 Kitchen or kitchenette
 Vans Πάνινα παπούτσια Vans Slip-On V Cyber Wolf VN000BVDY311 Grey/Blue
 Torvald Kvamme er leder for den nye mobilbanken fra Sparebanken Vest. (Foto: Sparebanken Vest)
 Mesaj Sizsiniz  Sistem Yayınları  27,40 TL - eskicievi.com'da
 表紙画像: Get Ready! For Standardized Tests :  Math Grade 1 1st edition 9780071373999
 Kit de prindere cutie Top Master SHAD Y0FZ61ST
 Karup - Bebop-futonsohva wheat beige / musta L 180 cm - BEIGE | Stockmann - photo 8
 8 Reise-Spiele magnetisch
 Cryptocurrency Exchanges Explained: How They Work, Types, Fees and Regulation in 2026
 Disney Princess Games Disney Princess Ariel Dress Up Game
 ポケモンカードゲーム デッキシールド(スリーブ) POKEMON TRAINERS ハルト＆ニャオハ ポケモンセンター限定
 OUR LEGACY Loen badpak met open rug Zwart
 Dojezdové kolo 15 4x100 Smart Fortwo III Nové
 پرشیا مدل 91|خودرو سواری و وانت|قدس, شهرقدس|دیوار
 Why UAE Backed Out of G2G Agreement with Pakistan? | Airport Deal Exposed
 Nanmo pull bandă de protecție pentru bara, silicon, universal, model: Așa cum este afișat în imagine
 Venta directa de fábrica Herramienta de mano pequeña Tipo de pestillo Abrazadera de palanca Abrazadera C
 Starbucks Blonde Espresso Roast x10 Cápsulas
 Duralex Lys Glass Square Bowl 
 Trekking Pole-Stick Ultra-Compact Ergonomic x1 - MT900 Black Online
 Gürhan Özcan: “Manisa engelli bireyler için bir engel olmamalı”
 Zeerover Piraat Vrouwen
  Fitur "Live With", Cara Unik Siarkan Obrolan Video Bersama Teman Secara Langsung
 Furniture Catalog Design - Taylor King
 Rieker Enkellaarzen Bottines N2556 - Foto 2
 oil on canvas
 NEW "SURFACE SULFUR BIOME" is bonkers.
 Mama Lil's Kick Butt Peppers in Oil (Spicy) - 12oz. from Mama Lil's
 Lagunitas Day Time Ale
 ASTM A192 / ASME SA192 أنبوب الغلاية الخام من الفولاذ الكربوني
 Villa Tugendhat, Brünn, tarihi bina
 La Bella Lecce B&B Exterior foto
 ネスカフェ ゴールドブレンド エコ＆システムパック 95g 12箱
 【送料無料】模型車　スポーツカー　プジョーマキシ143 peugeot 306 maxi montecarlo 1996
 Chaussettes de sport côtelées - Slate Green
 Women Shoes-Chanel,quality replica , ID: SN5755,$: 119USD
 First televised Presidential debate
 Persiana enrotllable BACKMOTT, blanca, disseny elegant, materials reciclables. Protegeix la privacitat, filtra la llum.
========================================
(Your assignment): Exactly the lines from the line holding "Women Shoes-Chanel,quality replica" through the close of the listing above make up the answer; include nothing else.

(Response to the task):
 Women Shoes-Chanel,quality replica , ID: SN5755,$: 119USD
 First televised Presidential debate
 Persiana enrotllable BACKMOTT, blanca, disseny elegant, materials reciclables. Protegeix la privacitat, filtra la llum.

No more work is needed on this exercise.